## INSTRUCTIONS FOR THE TASK
What needs transcribing is the line with "UKHSA Warns Brits" and every line after it to the end of the records, exactly and alone, with no pictures.
# # # # #
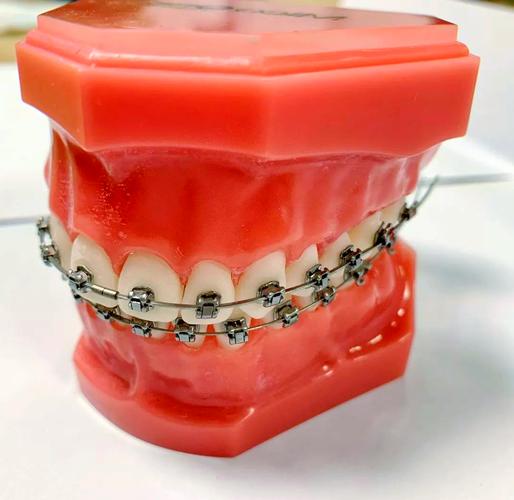 自锁托槽矫正牙齿，多大年龄做最合适？-图1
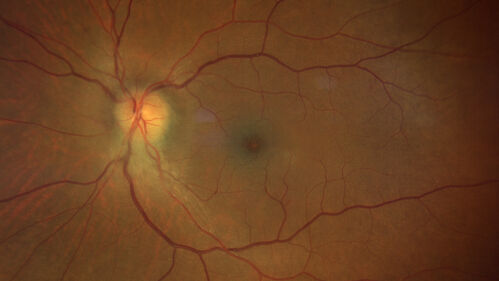 Neuroretinitis left eye - recovered with no therapy - possible B pertussis
57 year old female The patient has had blurred vision in the left eye and there is a haze across the top of the vision.Â  This started about 2 weeks ago.Â  The right eye is OK.Â  She has sleep apnea and uses the machine.Â  The left eye is becoming more and more painful for the last two weeks.Â  The pain is like a stabbing in the eye that comes and goes.Â  She also has some pain on eye movement.Â  The patient has been going to Moffit for possible reconstructive surgery for the lymphedema.
PMHx â€“ Sleep apnea, Breast Cancer, Adult lymphedema, 
Meds: GabapentinÂ 
VA OD: Dcc20/25-1
VA OS: Dcc20/100-2
AC quiet OU.  1 + NS cataract OU
IOP: TP: OD:15 OS:17
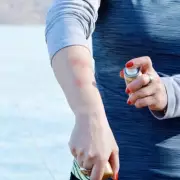 UKHSA Warns Brits of Malaria Risk for Summer Travel Abroad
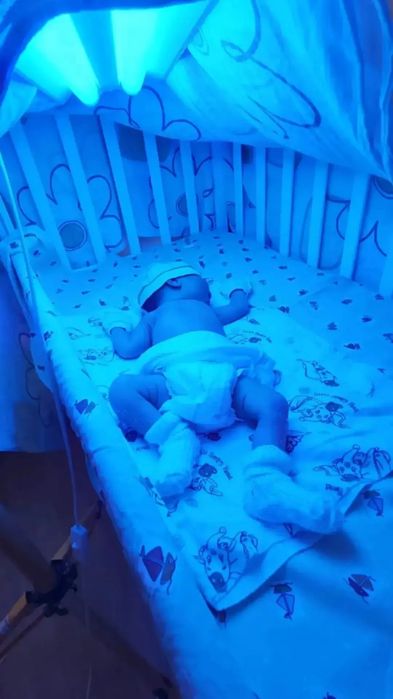 Аренда фотолампы, фотолампа, лампа от желтушки, желтуха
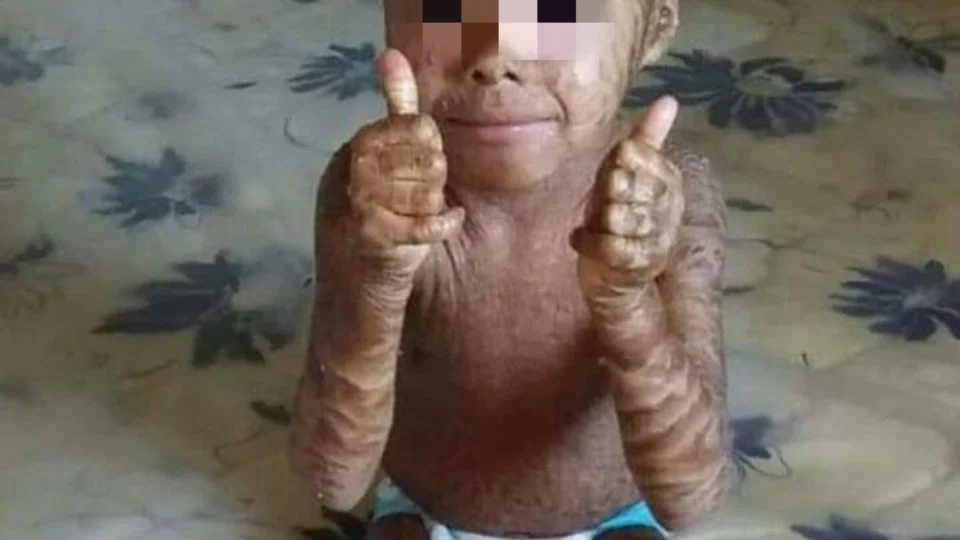 Policiais Militares do CPA Leste realizam campanha para ajudar criança com doença rara de pele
# # # # #
## WRITTEN SOLUTION
 UKHSA Warns Brits of Malaria Risk for Summer Travel Abroad
 Аренда фотолампы, фотолампа, лампа от желтушки, желтуха
 Policiais Militares do CPA Leste realizam campanha para ajudar criança com doença rara de pele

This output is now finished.